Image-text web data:
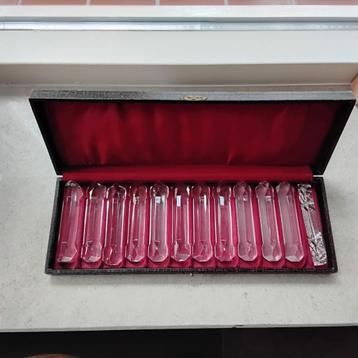 12 kristallen messenleggers  beschikbaar voor biedingen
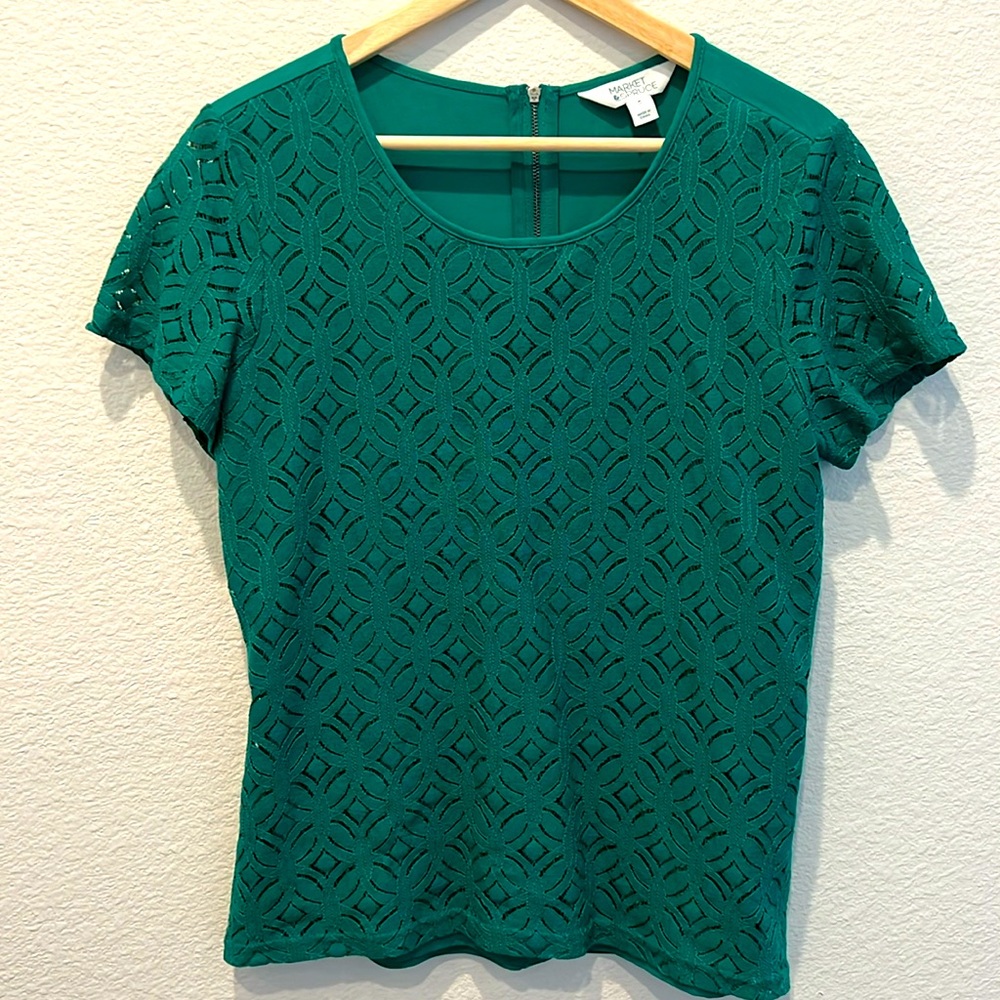 Kelly Green Top
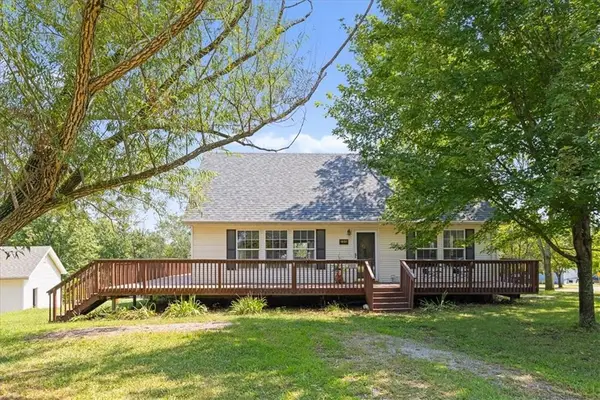 21515 S Sail A Way Drive, Overbrook, KS 66524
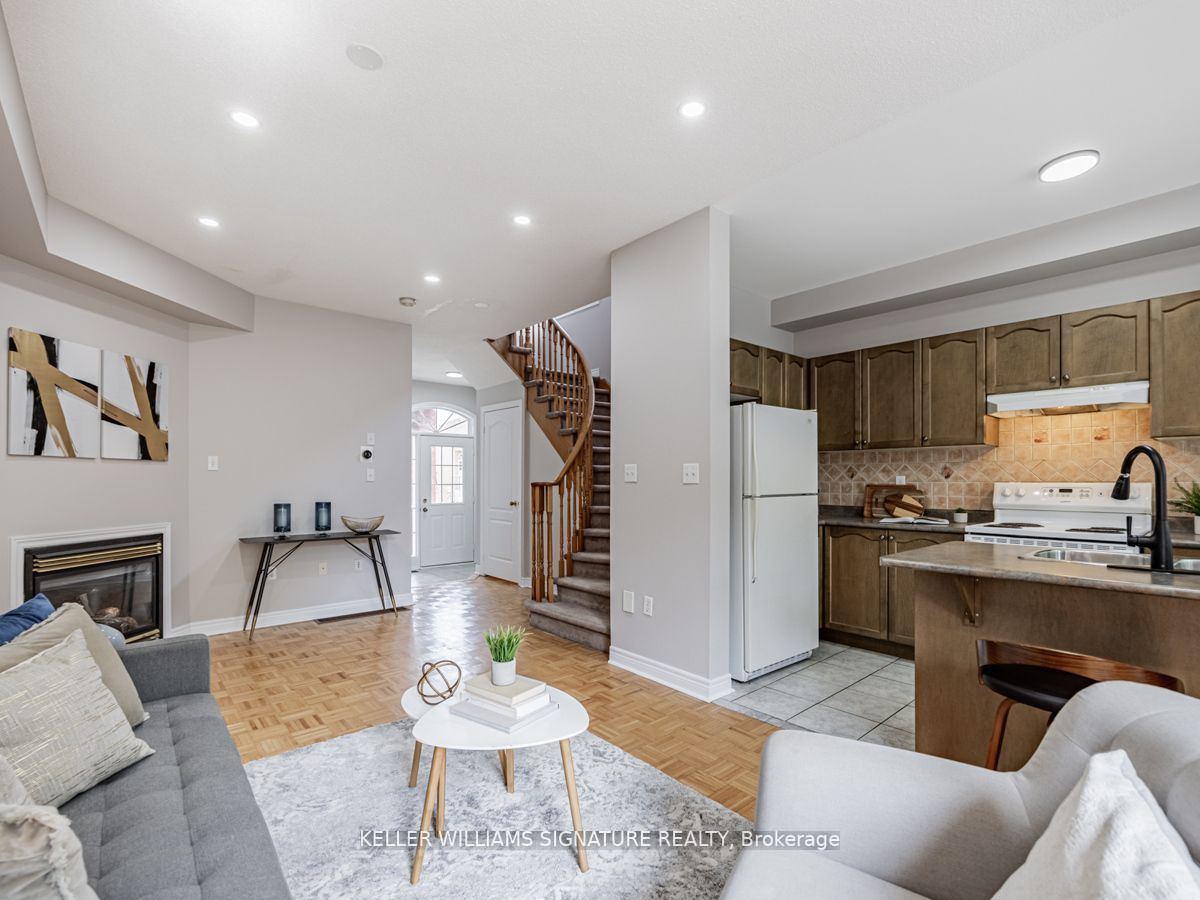 7342 Rosehurst Dr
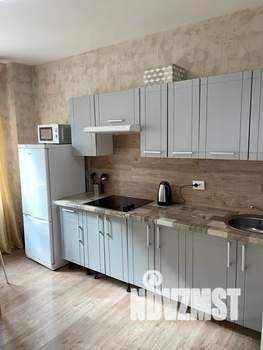 1-к квартира, посуточно, 37м2, 4/25 этаж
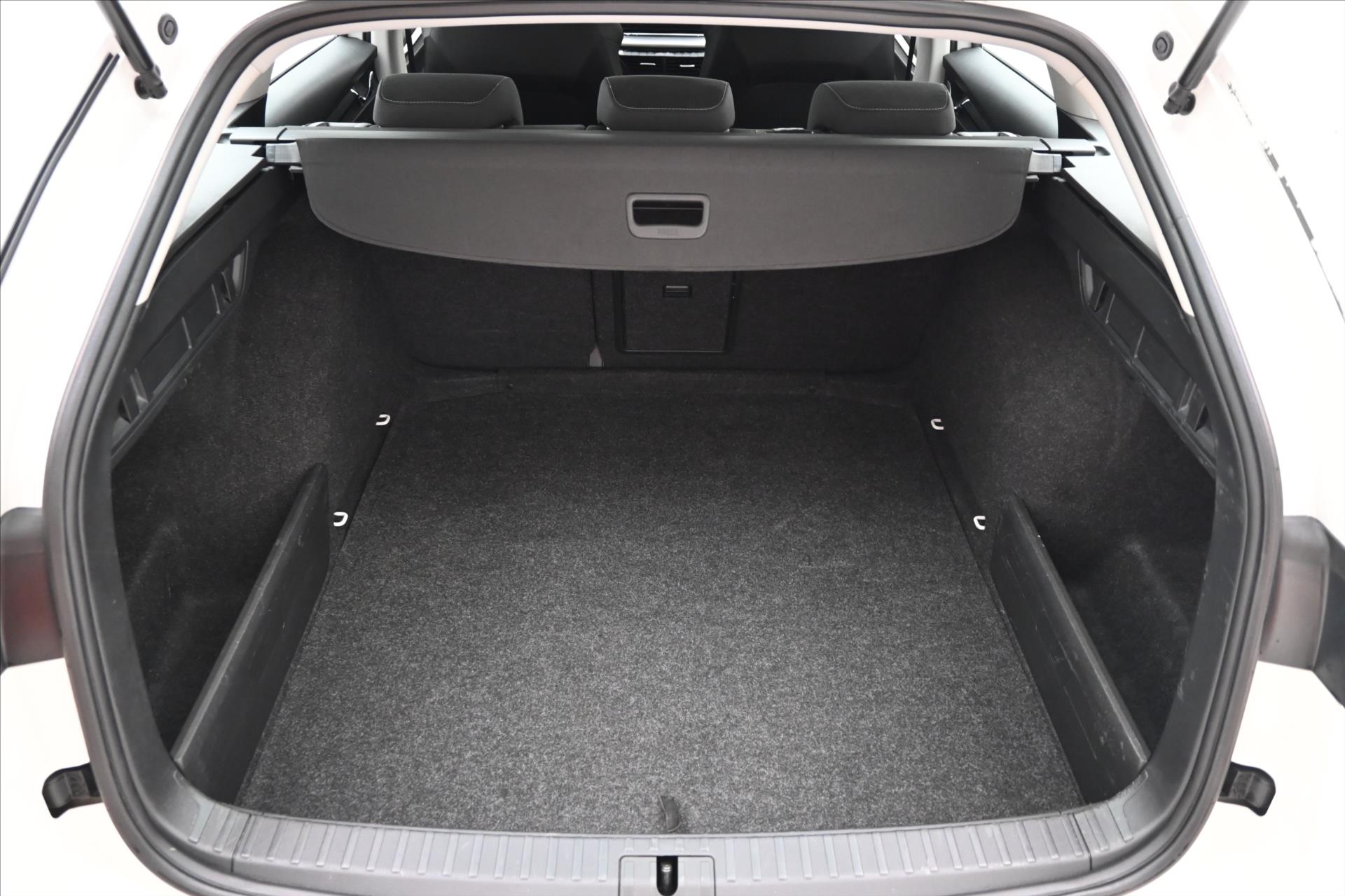 Main photo of the car Skoda Octavia 2.0 TDI 110kW DSG Ambition Warranty up to 5 years (10)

EXERCISE DESCRIPTION:
From the line containing "21515 S Sail" down to the last line of the entries above, retype each line exactly as it stands, but skip the pictures.

WRITTEN SOLUTION:
 21515 S Sail A Way Drive, Overbrook, KS 66524
 7342 Rosehurst Dr
 1-к квартира, посуточно, 37м2, 4/25 этаж
 Main photo of the car Skoda Octavia 2.0 TDI 110kW DSG Ambition Warranty up to 5 years (10)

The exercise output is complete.